Amendment Specifies 'Contract Nullification' Even in Cases of Exploitation or Assault/Threat
New Capital Requirements for Loan Brokers: 30 Million KRW Offline, 100 Million KRW Online
Penalties for Unregistered Illegal Private Loans Also Strengthened
The amendment to the Loan Business Act, which states that if a loan company demands an ultra-high interest rate of over 60% per annum, neither interest nor principal needs to be repaid, has passed the National Assembly's Political Affairs Committee. The amendment also allows contracts to be invalidated if there is sexual exploitation, assault, or threats during debt collection. With no opposition between the ruling and opposition parties, the bill is expected to be smoothly implemented after the plenary session.
According to financial authorities and the National Assembly on the 4th, the Political Affairs Committee held its third subcommittee and a full meeting the previous day and passed the amendment to the "Act on Registration of Loan Business and Protection of Financial Consumers," which focuses on strengthening regulations on loan businesses. After resolving issues such as excessive legislation through several subcommittee meetings, the full committee was convened immediately to reach a bipartisan agreement on the amendment. Members of the Political Affairs Committee, including Han Jeong-ae, Seo Young-kyo, Jo Jeong-sik, Min Byeong-deok, Cheon Jun-ho, Kim Hyun-jung, and Kang Min-guk, have shown their intention to amend the existing Loan Business Act by jointly proposing 15 amendments.

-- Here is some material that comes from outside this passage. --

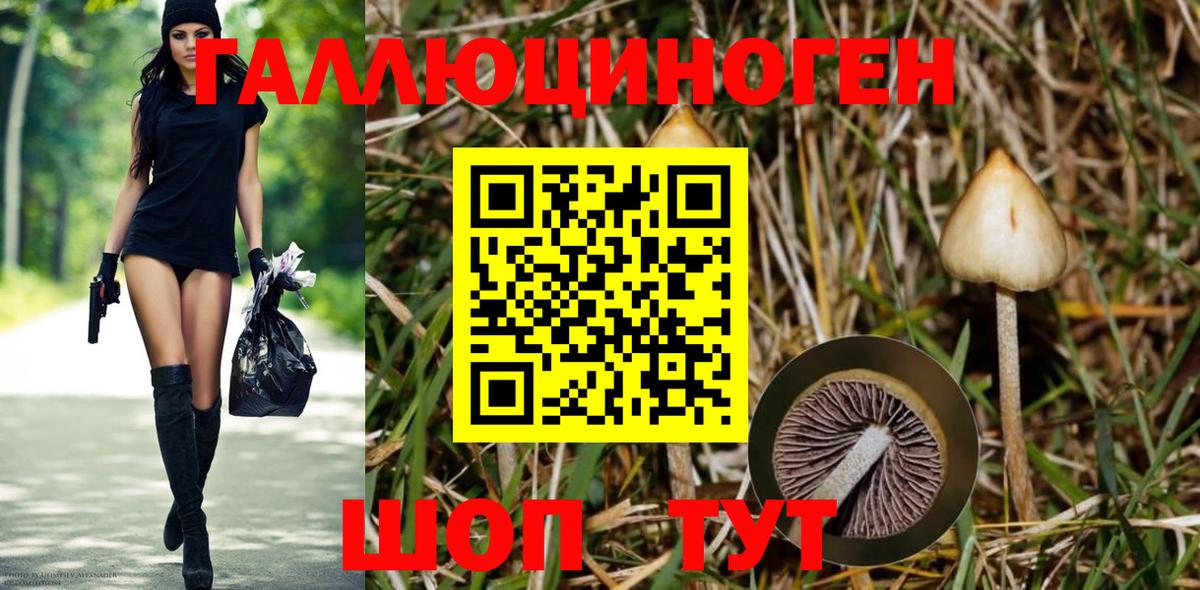 Псилоцибиновые грибы MAGIC MUSHROOMS  где купить наркоту  Великие Луки  Вход с VPN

According to the agreed amendment, if a loan company enters into an antisocial contract, the effect of the loan contract is limited, and repayment of principal and interest is not required. If there is sexual exploitation, human trafficking, bodily injury, assault, or threats during the collection process, the contract becomes invalid. The amendment also includes grounds to invalidate both principal and interest for loan contracts with an annual interest rate exceeding 60%, which is three times the current legal interest rate cap of 20% per annum.
Earlier, on the 2nd, the ruling and opposition parties failed to reach consensus on the "antisocial interest rate" among 20%, 60%, 80%, and 100% during the first subcommittee of the bill review. The next day, the subcommittee agreed that if the interest rate offered by the loan company falls within the range of 60% or more, with the exact figure to be determined later by enforcement ordinances, repayment of principal and interest would not be required.
A Financial Services Commission official stated, "The government will set the antisocial interest rate through future enforcement ordinances, reflecting overseas cases, so that interest rates of 60% or higher can be considered antisocial contracts."
Additionally, the Political Affairs Committee agreed to invalidate all interest agreements related to contracts with illegal unregistered loan businesses. The name of unregistered loan businesses will also be changed to "illegal private lenders" to help financial consumers easily distinguish between legitimate loan companies and illegal ones that violate current laws.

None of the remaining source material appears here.